Bug 152125 - Ease use of Unicode control characters for bidirectionality, e.g. RLI and PDI
Summary: Ease use of Unicode control characters for bidirectionality, e.g. RLI and PDI
Status: NEW
Alias: None
Product: LibreOffice
Classification: Unclassified
Component: Writer (show other bugs)
Version:
(earliest affected)
7.5.0.0 alpha0+
Hardware: All All
: medium enhancement
Assignee: Not Assigned
URL:
Whiteboard:
Keywords:
Depends on:
Blocks: RTL-UI
  Show dependency treegraph
 
Reported: 2022-11-19 14:41 UTC by Regina Henschel
Modified: 2023-01-19 08:27 UTC (History)
2 users (show)

See Also:
Crash report or crash signature:


Attachments
Examples with RTL in LTR (36.29 KB, application/vnd.oasis.opendocument.text)
2022-11-19 14:41 UTC, Regina Henschel
Details

Note You need to log in before you can comment on or make changes to this bug.
Description Regina Henschel 2022-11-19 14:41:36 UTC
Created attachment 183681 [details]
Examples with RTL in LTR

If you have a text run with strong RTL characters in a paragraph with base direction left-to-right, the implementation of the BiDi-Algorithm in LibreOffice works well.
But there are situations where bidirectional text is not rendered as necessary if only using the BiDi-Algorithm. Since ODF has no attribute to set the base direction on a portion of text, but only on the paragraph, such situations need to be solved by inserting Unicode control characters. Such are:
(1) LRI, RLI, FSI, PDI (U+2066..U+2069)
(2) LRE, RLE, LRO, RLO, PDF (U+202A..U202E)
(3) LRM, RLM (U+200E, U+200F)

Problem A
You cannot see, which one is used and where it is inserted because all this characters are hidden and have zero width. That is a problem when you need to edit the text. Using control characters (2) is problematic, but if you do not see them it is hard to remove such, for example.

Problem B
LibreOffice supports to enter the control characters (3). That is in Insert > Formatting Mark > Left-to-Right Mark and Right-to-Left Mark. But there exists no tool for the control characters (1) and (2). Entering them directly into the text via U+NNNN and Alt+x is very problematic, because character order might change while entering them.

A solution for A could be, to show the illustration glyphs (that with the dotted border in the Unicode chart files) when "Show Formatting Marks" is ON.

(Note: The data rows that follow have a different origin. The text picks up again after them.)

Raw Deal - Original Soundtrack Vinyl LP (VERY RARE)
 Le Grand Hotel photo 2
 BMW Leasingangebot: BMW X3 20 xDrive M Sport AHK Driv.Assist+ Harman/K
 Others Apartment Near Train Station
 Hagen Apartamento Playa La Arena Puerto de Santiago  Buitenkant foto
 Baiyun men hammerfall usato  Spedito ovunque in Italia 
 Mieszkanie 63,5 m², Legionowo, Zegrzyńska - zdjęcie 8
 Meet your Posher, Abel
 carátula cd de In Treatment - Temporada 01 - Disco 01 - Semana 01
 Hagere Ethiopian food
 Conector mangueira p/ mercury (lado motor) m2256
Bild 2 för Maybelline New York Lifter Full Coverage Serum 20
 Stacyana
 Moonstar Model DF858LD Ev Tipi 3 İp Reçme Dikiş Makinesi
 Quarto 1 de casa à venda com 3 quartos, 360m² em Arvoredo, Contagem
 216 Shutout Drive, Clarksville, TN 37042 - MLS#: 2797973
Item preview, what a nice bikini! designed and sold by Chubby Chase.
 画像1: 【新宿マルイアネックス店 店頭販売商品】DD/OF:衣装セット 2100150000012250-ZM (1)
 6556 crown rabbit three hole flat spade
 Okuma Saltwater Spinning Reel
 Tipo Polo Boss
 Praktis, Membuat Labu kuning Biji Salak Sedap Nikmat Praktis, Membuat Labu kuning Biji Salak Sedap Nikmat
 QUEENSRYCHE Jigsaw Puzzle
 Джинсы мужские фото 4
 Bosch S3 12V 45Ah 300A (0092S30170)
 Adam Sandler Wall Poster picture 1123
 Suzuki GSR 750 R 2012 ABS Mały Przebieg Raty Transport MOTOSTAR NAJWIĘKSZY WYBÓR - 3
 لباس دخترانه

I have no idea for a good tool to enter these controls.

You should use the attachment and try to bring the sentence which has no control character into the correct word order. Then you will notice the problems for the user.
Comment 1 Heiko Tietze 2022-11-21 12:37:51 UTC
Eyal, Khaled, what do you think?
Comment 2 ⁨خالد حسني⁩ 2022-11-21 14:15:41 UTC
HTML has <bdi> and <bdo> elements, which work the same as the control characters, in case ODF wanted to grew a similar functionality.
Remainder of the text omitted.